Some of the hungry are legal immigrants kicked out of the food stamp line by the 1996 welfare overhaul. Others are former welfare recipients eligible for food stamps but who don't get them. And others go hungry because of rules like a shelter deduction that's unrealistic in some places, or a $2,000 cap on household income that might not allow for a car to get to work. Such rules create a " 'heat vs. eat' dilemma," says Ashley Sullivan, a co-author of the Tufts study.

Will Clinton aggressively push to surmount such problems, even if it takes more federal dollars? Will he make sure no one comes here to film one of those commercials asking viewers to send $3 to feed a starving person? Or will he settle for a minimalist effort and a few platitudes showing his heart is in the right place?

Similarly, will the president call for fighting crime by taking the advice of cops, or continue listening to politicians?

Listening to police would mean putting more money into prevention programs that have been shown to keep kids out of trouble. They're much less costly than prisons, and study after study has shown that kids in quality day-care or after-school programs are several times less likely than their peers to find trouble, says Sanford Newman, president of Fight Crime: Invest in Kids.

Yet Head Start -- the biggest and best-known of such programs, but hardly the only one -- still has funding for only about half the eligible kids. A proposal for fully funding that and other such preventive efforts should be one criteria by which to judge Clinton tonight.

In fact, Fight Crime has asked that some $30 billion be spent this year on education and other such efforts as a first step toward a long-term plan to eliminate the "crime prevention gap" just as Washington targeted the budget gap.

The group -- composed of some 600 law-enforcement officials and crime victims -- is hardly soft on crime. When folks like that say prevention works -- and back it up with solid research -- someone should listen. Yet it's a tough sell getting officials to buy prevention.

"Sometimes politicians want to handle the crime problem the way a gang leader would, by proving that they're the toughest ones on their turf," says Newman.

So, will the president address this problem like a national leader, or like a political gang leader?

And while the two parties jockey over a middle-class tax cut -- which could end up going mostly to the wealthy, anyway -- how substantial an effort will Clinton make to pull the lower class up from the economic divide that is getting larger, according to the recent report from the Center on Budget and Policy Priorities and the Economic Policy Institute?

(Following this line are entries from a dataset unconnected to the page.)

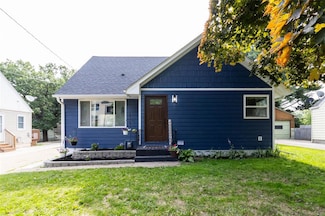 4133 9th St, Des Moines, IA 50313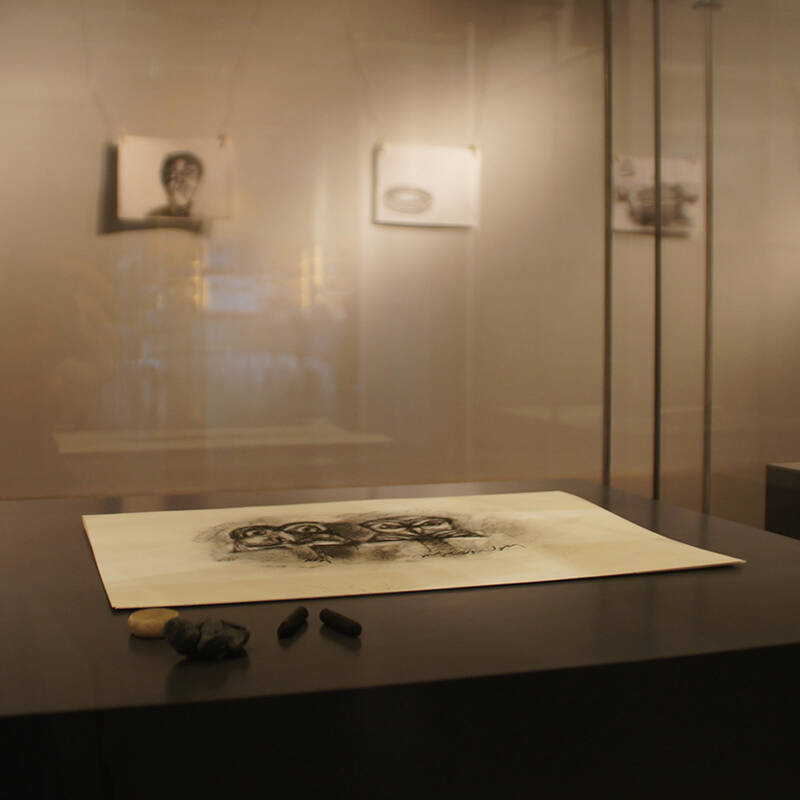 Zeichnungen von David Macaulay und von SchülerInnen des Schyren-Gymnasiums in der Manchinger Sonderausstellung.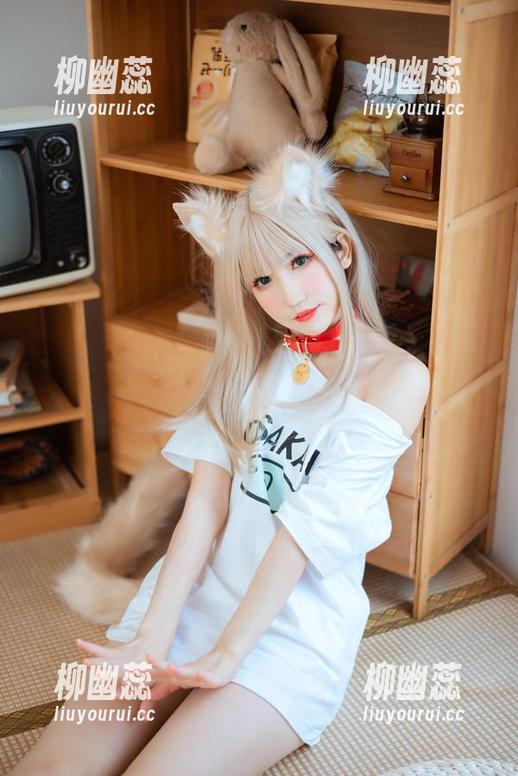 别眨眼！coser衣衣的X·Alter美图写真可能会逗乐你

Budget center Executive Director Robert Greenstein expects a modest expansion -- about $2 billion worth -- in the earned-income tax credit that helps the working poor, and in a block-grant program to help the working poor get health insurance, which half of such families now lack. He welcomes such initiatives, yet concedes they're hardly bold efforts to eliminate poverty.

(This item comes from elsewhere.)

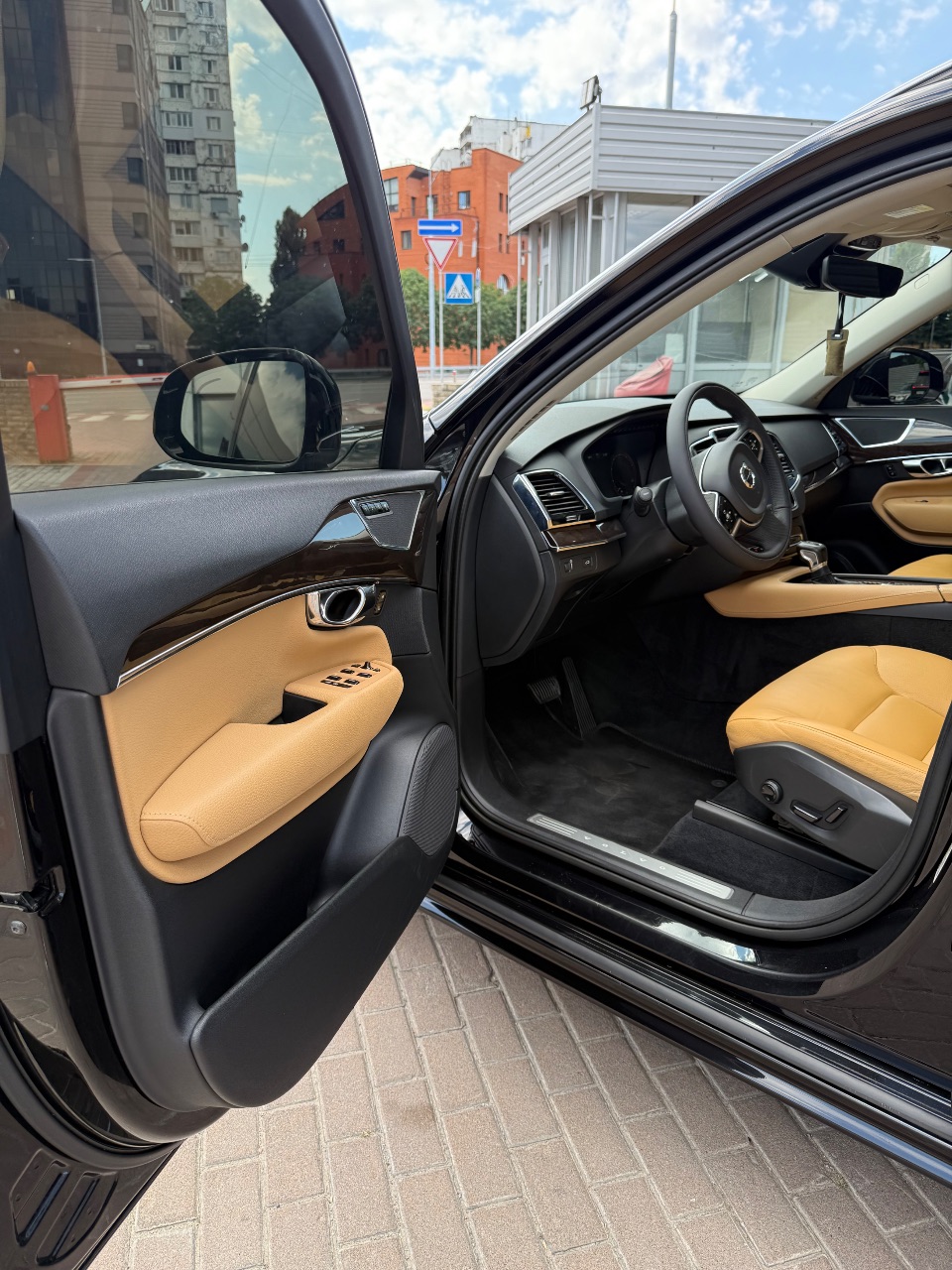 Volvo XC90 - фото 8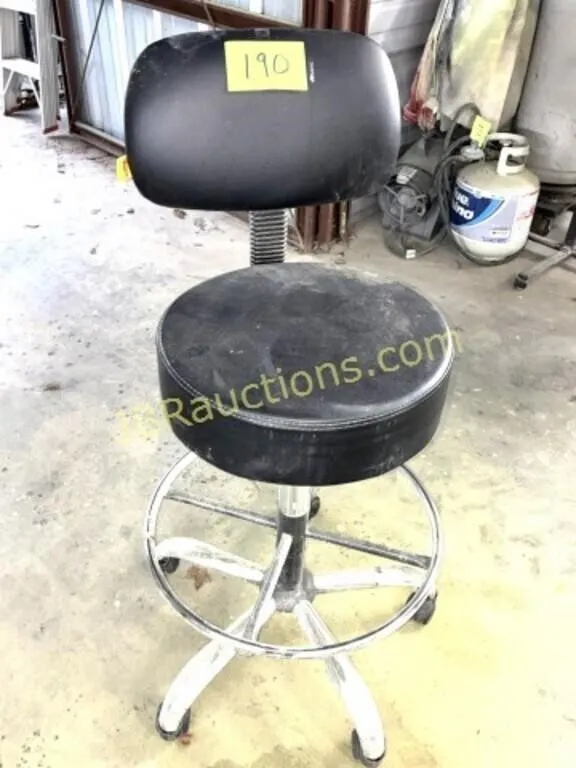 WORK BARSTOOL ON CASTERS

"They're relatively modest, incremental steps," Greenstein says. "They're probably all that the freight will bear in the current political climate."

And that is what's so disappointing. If the country can't aggressively attack such problems now, then when? Even if there won't be extra trillions to spend -- and Greenstein believes there won't, once accounting gimmicks are discounted -- whatever is left after entitlement reform and debt reduction shouldn't be squandered.

But despite a Wall Street boom that has taught many the value of investing, there's no bull market for investing in human capital. Instead of pandering to the tax-cut crowd, Clinton could create one tonight. But don't bet on it.